Unheralded

DAVE VORLAND: It Occurs To Me — France Will Live Again

Facebook friends know I buy, read and mostly keep a lot of used books. Call it an obsession.

My most recent acquisition is titled “France Will Live Again: The Portrait of a Peaceful Interlude 1919-1939,” by Samuel Chamberlain. It was priced at $3 new in December 1940, a bit less the other day for the frail used copy.

For the modern reader, the book is an interesting leap back in time.

Like Ernest Hemingway, Chamberlain served in the Red Cross ambulance corps during World War I.

He decided to remain in France, devoting himself to photographing and drawing French villages, towns and cities, cathedrals and churches, the seashore, bridges, cottages, farms, manors and chateaux.

Eventually, he decided that much of this would be destroyed in the coming war, and therefore documented it in his book. Much of it was.

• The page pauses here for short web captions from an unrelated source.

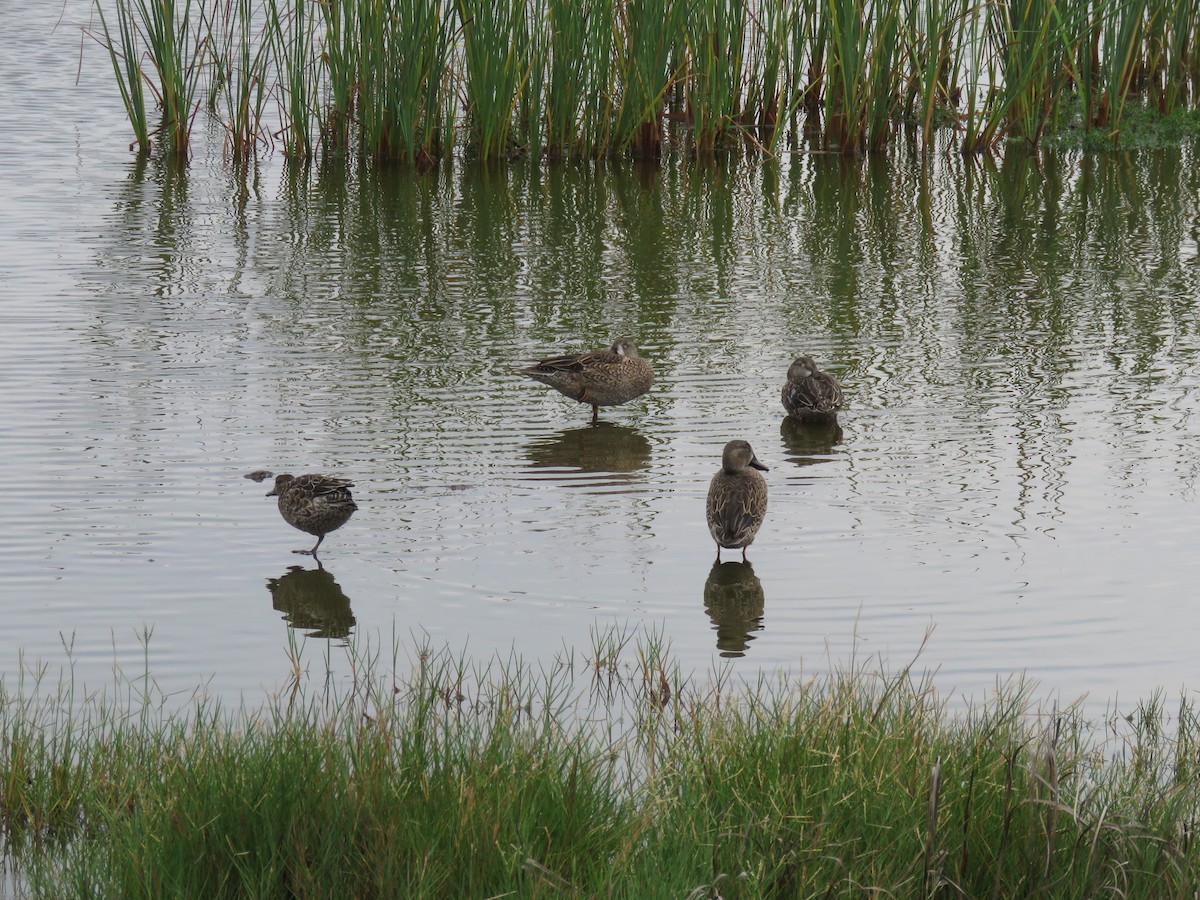 Blue-winged Teal - Lisa Cancade Hackett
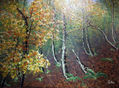 PAISAJE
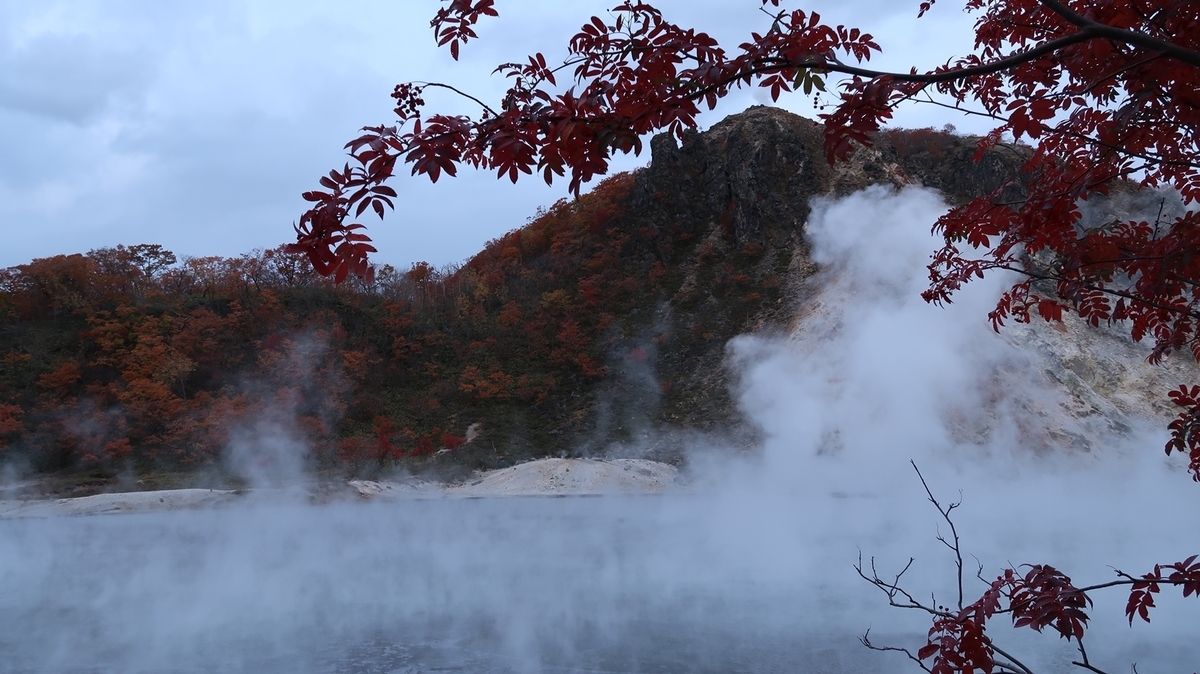 f:id:shirokumapanda:20181102231712j:plain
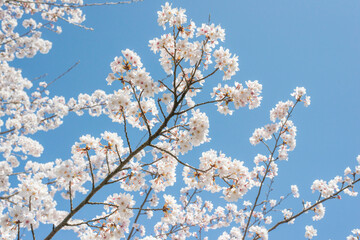 美しい満開のソメイヨシノ（鳥取県倉吉市・打吹公園）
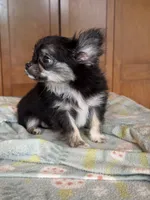 Flora, a female Chihuahua for sale in Tampa, FL – 4 of 4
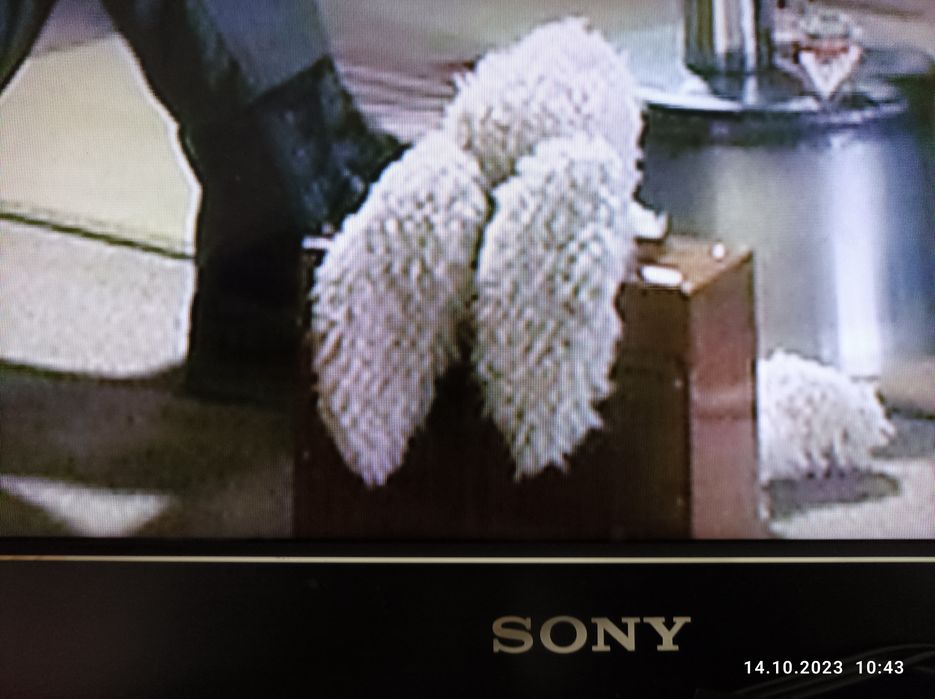 3-д телевизор Sony KDL-40HX800

Тип ЖК-телевизор
Светодиодна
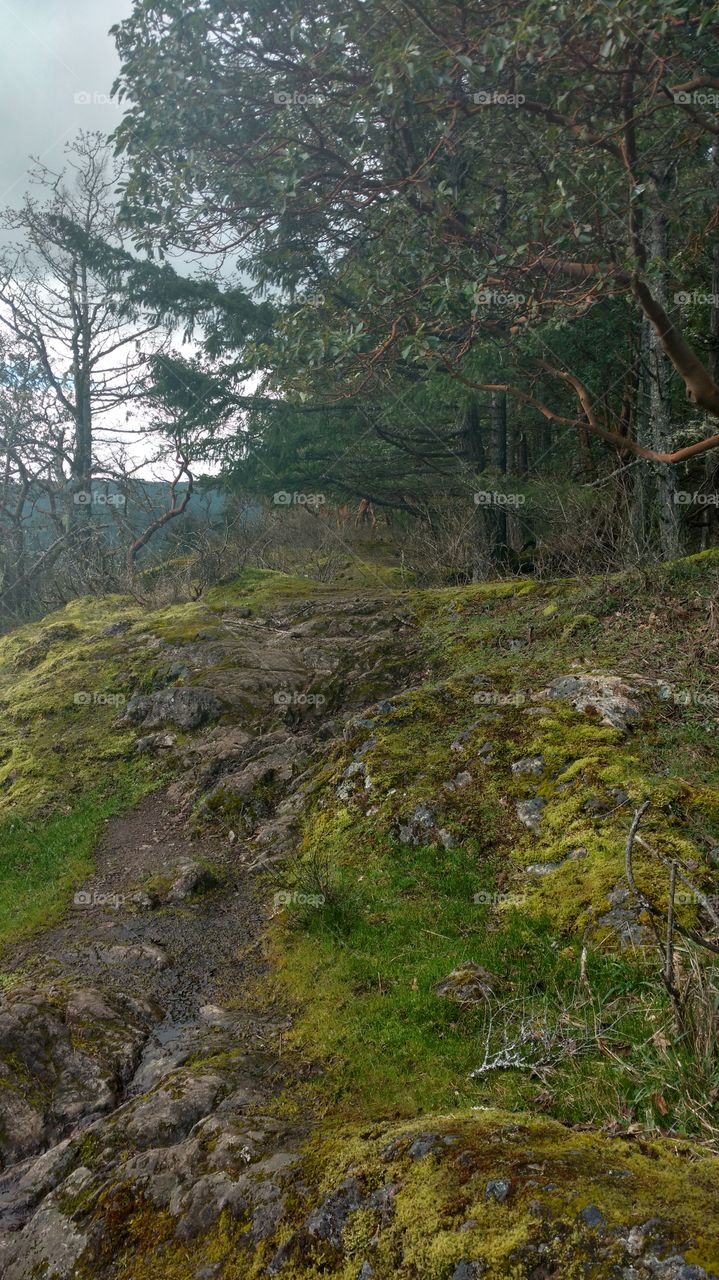 low tree Mountain top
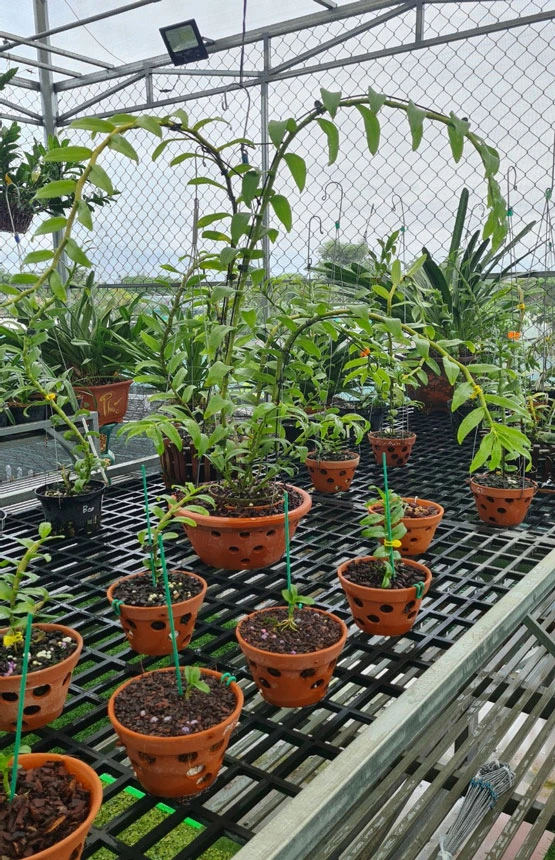 Phong lan Trâm Anh - Địa chỉ lan Var, lan Kiếm, lan Yến...Uy tín, chất lượng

Some of the sites I’ve seen while visiting France, especially during my and Dorette’s three-month retirement sabbatical on the Riviera in 2010.

We rented an apartment a few miles east of Nice in the town of Menton and used it as home base for our travels. Thus my favorite Chamberlain drawing is the one of Menton, shown above.

At the right, is a photo I took in Menton. Notice that the church steeple is the same, although much of the town has changed during the 70 years since publication of the Chamberlain book.

Menton remains on my list of places to see again.